**TO DO:**
Scan the records for "Black". Report each line that includes it.

**MATERIAL SUPPLIED:**
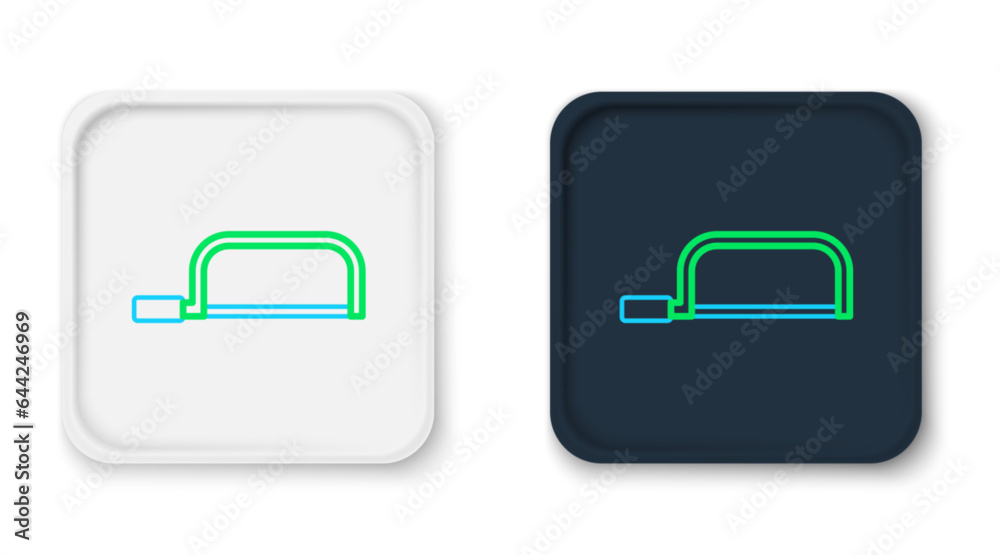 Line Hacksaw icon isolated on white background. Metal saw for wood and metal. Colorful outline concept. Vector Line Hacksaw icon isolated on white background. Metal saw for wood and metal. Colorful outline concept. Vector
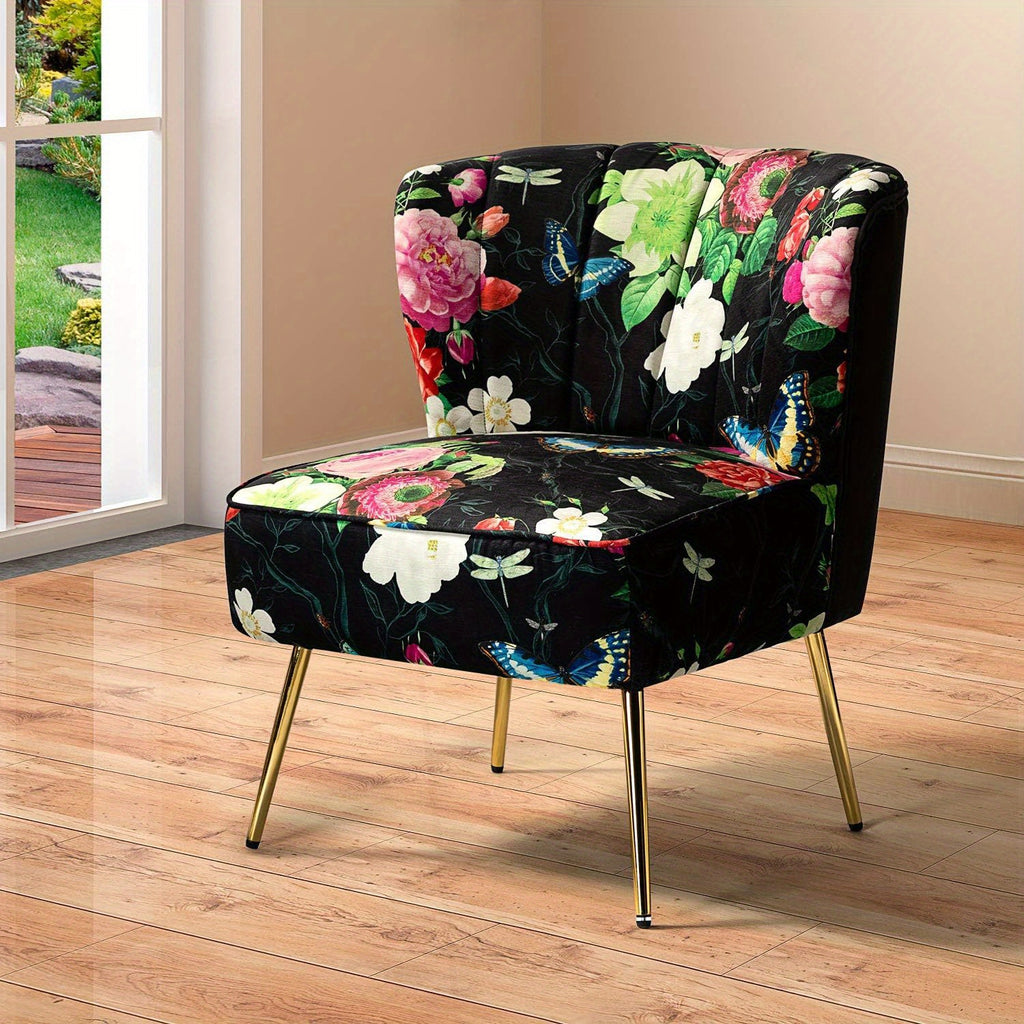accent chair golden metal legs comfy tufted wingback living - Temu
...
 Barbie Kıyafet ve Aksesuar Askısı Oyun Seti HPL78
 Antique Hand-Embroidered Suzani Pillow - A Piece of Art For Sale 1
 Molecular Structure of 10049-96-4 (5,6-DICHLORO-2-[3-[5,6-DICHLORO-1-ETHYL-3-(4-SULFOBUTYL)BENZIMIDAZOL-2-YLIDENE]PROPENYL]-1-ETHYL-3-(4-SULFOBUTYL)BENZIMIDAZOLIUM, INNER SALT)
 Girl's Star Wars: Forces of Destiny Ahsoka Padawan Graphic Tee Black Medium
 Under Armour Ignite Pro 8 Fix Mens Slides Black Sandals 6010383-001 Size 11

**SOLUTION BELOW:**
 Girl's Star Wars: Forces of Destiny Ahsoka Padawan Graphic Tee Black Medium
 Under Armour Ignite Pro 8 Fix Mens Slides Black Sandals 6010383-001 Size 11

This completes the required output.